Tuesday, May 15, 2012

A "Wale" of a story in the making


Tuesday, May 15, 2012

I was born with a great imagination, and as I was flying over the North Atlantic Ocean one week ago on my way to Britain I thought my mind’s eye had a pretty good idea what this trip would be like.

Suffice to say I had no clue. This experience has been more than anything I could have possibly dreamed for myself.

I don’t even know where to begin. My editor would say to start with the most important thing and even that advice is difficult just now because there are so many stories trying to jump through my fingertips to the keyboard.

The eight-hour flight to Europe was long and I didn’t sleep a wink. How could I? I was alight with anticipation not to mention that I could not take my eyes off the near full moon that shone in the night sky and through my airplane window for the entire journey. 

We reached the north coast of Ireland and England just before dawn and at 39,000 ft and clear skies it was a sight to behold as the cities below were lit up in the colour of gold.

When I landed in Amsterdam for a 10-hour layover I felt like I could do anything. The world was my oyster.
But even oysters wind up in nets.

The time and space continuum froze for me when six Dutch security guards gathered to ponder an anomaly in my carry-on luggage as it passed through the x-ray machine at the boarding gate for the flight to Wales.

I felt like a foreigner in a foreign country. Wait a minute—I was.

Another guard appeared and took my passport from my trembling fingers and pulled out his mobile phone. All I heard was my birth name and “Cardiff, Wales” tossed about in another language.

I was convinced I was a goner. My identity would be red-flagged at every airport on every continent. They made movies called “Missing” and “Vanished” about these kinds of things.

 I looked up and there were the wide-eyed faces of all my co-passengers who were sitting pretty and in the clear and staring at my folly.

Security was backed up for 15 minutes as I waited for “special ops” to arrive. I was sweating like Arnold Schwarzenegger when his wife found out about the housekeeper, but I also was as clueless as Alicia Silverstone about what could possibly be in my possession to cause such an international incident.

Eventually a guy who looked like Alan Rickman (the actor who played the bad guy in “Die Hard”) arrived wearing a flack jacket and walked over to me after looking at the x-ray image and promptly said “tell me everything that is in your bag—exactly.”
My mind went blank and all that spilled out of my mouth was “Well, I ate all the chocolate.”

It was hopeless. My nerves shot, I couldn’t remember but four of the some 25 things I had packed in that bag.

“Mr. Flack Jacket,” with a stern, heavy accent and with big blue vein throbbing in his forehead, held up his hand and said, “I will get your bag and we will open it together.”

I had nearly everything pulled out of the bag onto the table, naming off each item as I went as eight security guards stood around the contents. Suddenly one of them pointed to the earplugs for my iPhone and a metal belt clip on the “travel approved” silk zip bag that had contained my passport.

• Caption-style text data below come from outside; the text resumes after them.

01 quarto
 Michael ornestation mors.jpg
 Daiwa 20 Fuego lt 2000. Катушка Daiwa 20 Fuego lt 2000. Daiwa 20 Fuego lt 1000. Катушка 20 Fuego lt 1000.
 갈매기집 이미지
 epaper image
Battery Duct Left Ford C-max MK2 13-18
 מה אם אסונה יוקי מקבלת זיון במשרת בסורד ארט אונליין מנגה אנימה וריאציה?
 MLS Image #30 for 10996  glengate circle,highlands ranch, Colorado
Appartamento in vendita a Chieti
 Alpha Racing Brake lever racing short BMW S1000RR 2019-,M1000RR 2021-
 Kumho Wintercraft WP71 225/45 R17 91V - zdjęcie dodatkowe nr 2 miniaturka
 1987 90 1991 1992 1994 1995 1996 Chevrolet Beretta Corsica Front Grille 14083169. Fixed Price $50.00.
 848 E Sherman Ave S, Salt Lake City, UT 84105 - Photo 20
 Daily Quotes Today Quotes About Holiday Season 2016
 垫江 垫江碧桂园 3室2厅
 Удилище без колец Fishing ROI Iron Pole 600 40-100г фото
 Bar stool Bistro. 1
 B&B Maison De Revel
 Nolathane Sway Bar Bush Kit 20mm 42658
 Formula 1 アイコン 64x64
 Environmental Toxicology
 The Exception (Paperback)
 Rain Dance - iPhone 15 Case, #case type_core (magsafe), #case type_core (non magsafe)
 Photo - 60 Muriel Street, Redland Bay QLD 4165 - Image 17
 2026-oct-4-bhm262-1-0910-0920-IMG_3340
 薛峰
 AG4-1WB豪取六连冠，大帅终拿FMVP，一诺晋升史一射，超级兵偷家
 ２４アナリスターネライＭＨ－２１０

Mr. Flack Jacket nodded and left and I was free to go.

If it weren’t for the streak of white hair that had suddenly appeared on my head, there’d have been no evidence of the incident—unless of course we counted the huddle of passengers who had all moved to the other side of the room when I stepped through security to sit down amongst my fellow flyers.

The rest of the trip was “crackin,” but that’s another story—or two.